Activity -> Set the whole listing down again, word for word, with no pictures.

Given material ->
____________________
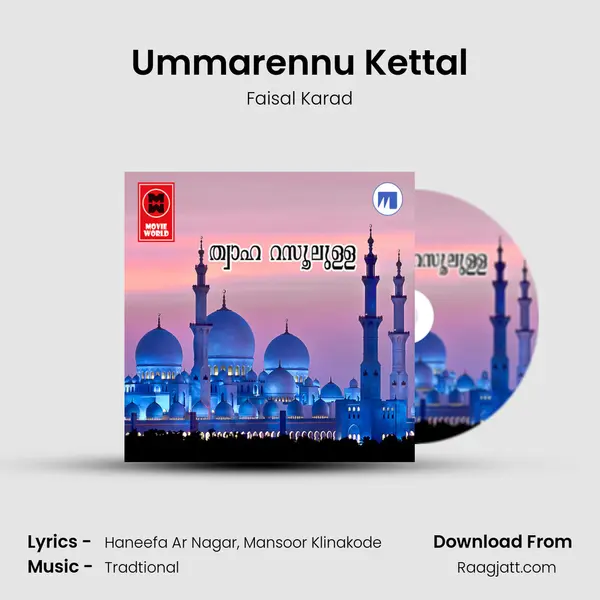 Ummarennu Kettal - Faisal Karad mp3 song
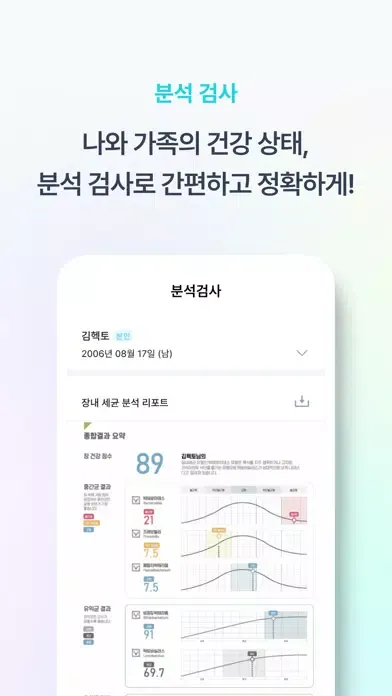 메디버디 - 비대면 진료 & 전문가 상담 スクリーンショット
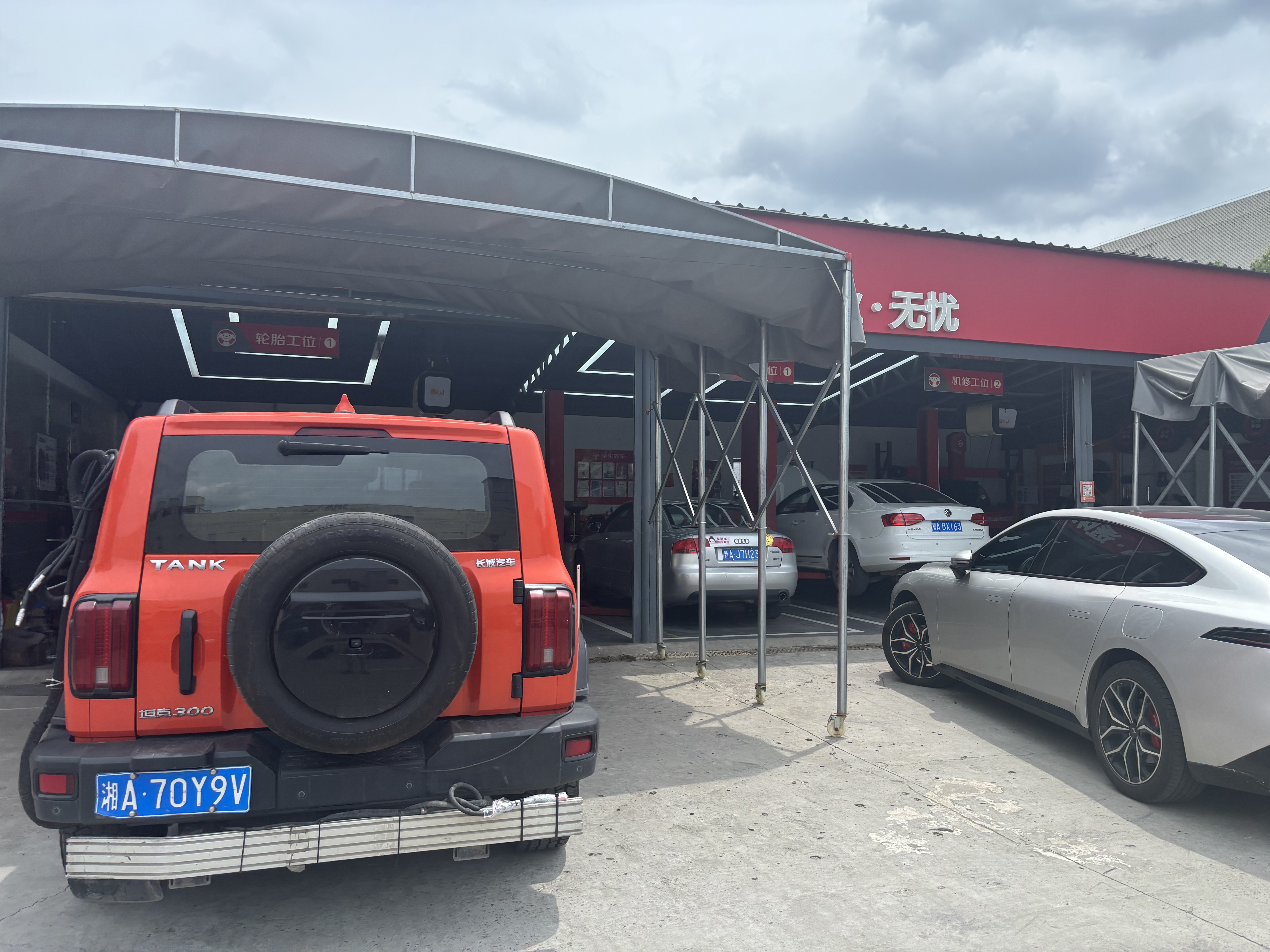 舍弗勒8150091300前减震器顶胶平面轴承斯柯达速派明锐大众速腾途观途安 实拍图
____________________
Reply to the task ->
 Ummarennu Kettal - Faisal Karad mp3 song
 메디버디 - 비대면 진료 & 전문가 상담 スクリーンショット
 舍弗勒8150091300前减震器顶胶平面轴承斯柯达速派明锐大众速腾途观途安 实拍图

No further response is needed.